# Build the dataset
From each VH brain, slice from the center with steps of 4-5 and generate about 5 2D images. In total 57x5=285 images (make it adjustable if more images are wanted)

In [3]:
import os
import nibabel as nib
import numpy as np
import matplotlib.pyplot as plt
import plotly.graph_objects as go


In [None]:
# Path to the data folder
# data_folder = "/data/shared/Lili/VH_MNI"
# folder = "/VH2016"
# Path to the data folder
data_folder = "/home/benet/data/VH"
folders = ["/train", "/test"]  # Both train and test folders
flair_image = "flair.nii.gz"
mask_image = "lesionMask.nii.gz"
slices_per_example = 5  # Number of slices to save per example
slices_step = 3  # Number of slices to skip between each slice
start_slice = 88  # Starting slice
output_folder = "/home/benet/data/VH_slices"
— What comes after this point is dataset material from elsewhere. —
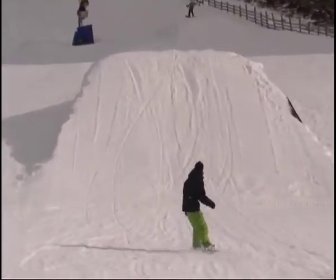On your approach for the frontside 180, you can either do it off your heels or your toes. So just do a couple of set up turns with that.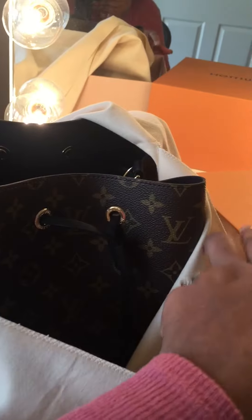Okay, it's in a dust bag. The unveiling — everyone has seen the dust bag before — and so... oh my god, there she is! The new Neo Noé!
# Create the output folder and subfolders if they don't exist
if not os.path.exists(output_folder):
    os.makedirs(output_folder)
if not os.path.exists(os.path.join(output_folder, "images")):
    os.makedirs(os.path.join(output_folder, "images"))
if not os.path.exists(os.path.join(output_folder, "images", "flair")):
    os.makedirs(os.path.join(output_folder, "images", "flair"))
if not os.path.exists(os.path.join(output_folder, "images", "mask")):
    os.makedirs(os.path.join(output_folder, "images", "mask"))
if not os.path.exists(os.path.join(output_folder, "npy")):
    os.makedirs(os.path.join(output_folder, "npy"))
if not os.path.exists(os.path.join(output_folder, "npy", "flair")):
    os.makedirs(os.path.join(output_folder, "npy", "flair"))
if not os.path.exists(os.path.join(output_folder, "npy", "mask")):
    os.makedirs(os.path.join(output_folder, "npy", "mask"))

for folder in folders:
    examples = sorted(os.listdir(data_folder + folder))  # Get all example folders
    
    for example in examples:
        example_path = os.path.join(data_folder+folder, example)
        
        if not os.path.isdir(example_path):  # Skip if it's not a directory
            print(f"Skipping {example_path}")
            continue

        flair_path = os.path.join(example_path, flair_image)
        mask_path = os.path.join(example_path, mask_image)
        flair = nib.load(flair_path)
        mask = nib.load(mask_path)
        flair_data = flair.get_fdata()
        mask_data = mask.get_fdata()
        
        # Determine the number of slices
        n_slices = flair_data.shape[2]
        assert n_slices == mask_data.shape[2]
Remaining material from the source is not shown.